Charles Murray’s widely discussed account of the decline of the white working class in America provides a lengthy brief in defense of Romney’s position. Murray is a libertarian writer and political scientist who has a long held an appointment at the American Enterprise Institute. He is best known for Losing Ground, his 1984 attack on welfare, as well as for his widely-discussed books on the heritability of IQ and criminality. Both of the latter books have been roundly attacked as racist screeds. Perhaps these attacks have worn Murray down: in Coming Apart, he focuses his fire almost exclusively on white Americans.
Conservative intellectuals have hailed Coming Apart as a monumental, tragic account of the social and cultural decline of America. The book places societal ills squarely at the doorstep of white working class men, a sizeable chunk of Romney’s takers.
Murray builds his narrative by drawing two contrasts: the first is between America in November 1963, on the eve of the Kennedy assassination, versus the America of today; the second is between the white working class of today, versus the “new elite” (defined by level of education and occupation in a handful of professions and creative fields). In 1963, robust white working communities and families (some still with a non-working adult female) took pride in their work, volunteered in their communities, stayed married, and went to church. Today, Murray notes, these same families are often broken by separation or divorce, headed by an adult male who may have a spotty employment record, with children failing and dropping out of school.
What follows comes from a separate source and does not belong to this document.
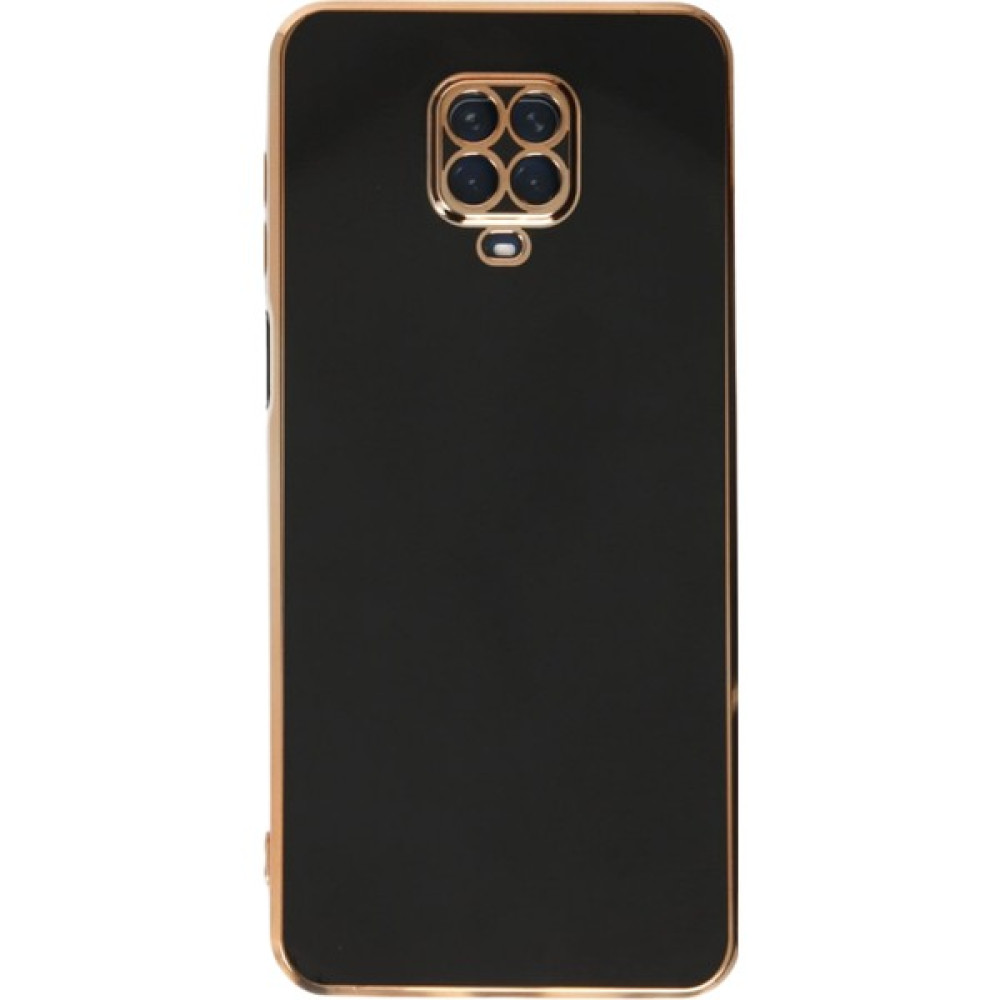 Mobil Mix Xiaomi Redmi Note 9 Pro Tlp Şanzelize Kılıf - Siyah Cep Telefonu Kılıfı Fiyatı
They are likely to live in a decaying inner-ring suburb with neighborhoods marked by high-levels of distrust, uneven religious attendance, and low levels of civic engagement.
In Murray’s view, the takers are bringing down the makers, but he fails to consider the reverse.
The second contrast he draws is between these white working class families and the new, high-earning white elite (generally defined as educated people earning at the 95th percentile of the income distribution). This elite is hardworking, resides in intact families that provide ambitious children with every opportunity money can buy. Most strikingly for Murray, this new elite essentially retains the values that look like those of a much wider range of Americans in 1963. Murray’s loathing of this new elite, in spite of their appropriate lifestyles, is palpable throughout the book: he periodically refers to them as “overeducated elitist snobs” (“OES”). While the OES, according to Murray, generate economic growth, they are increasingly disconnected from, and unaware of, the erosion of working class values and are therefore doing nothing to prevent it.
Both of the contrasts Murray draws are facile, as are the statistical and second-hand ethnographic evidence that Murray wheels in to make his case. The resulting analysis is often contradictory and sometimes utterly ridiculous. For example, Murray’s claim that the American elite was “more open” and “heterogeneous” in 1963 than it is today flies in the face of all previous sociological analyses. Most importantly, all of the statistical contrasts between then and now are presented without controlling or adjusting for major historical changes in the economy. Readers are seldom reminded of the sharp contraction in jobs and the precipitous decline in wages for non-college educated men that occurred between 1970 and 2010. He does not consider the possibility that these shifts in the labor market explain the “coming apart” of white America as well (or better) than a supposed cultural decline.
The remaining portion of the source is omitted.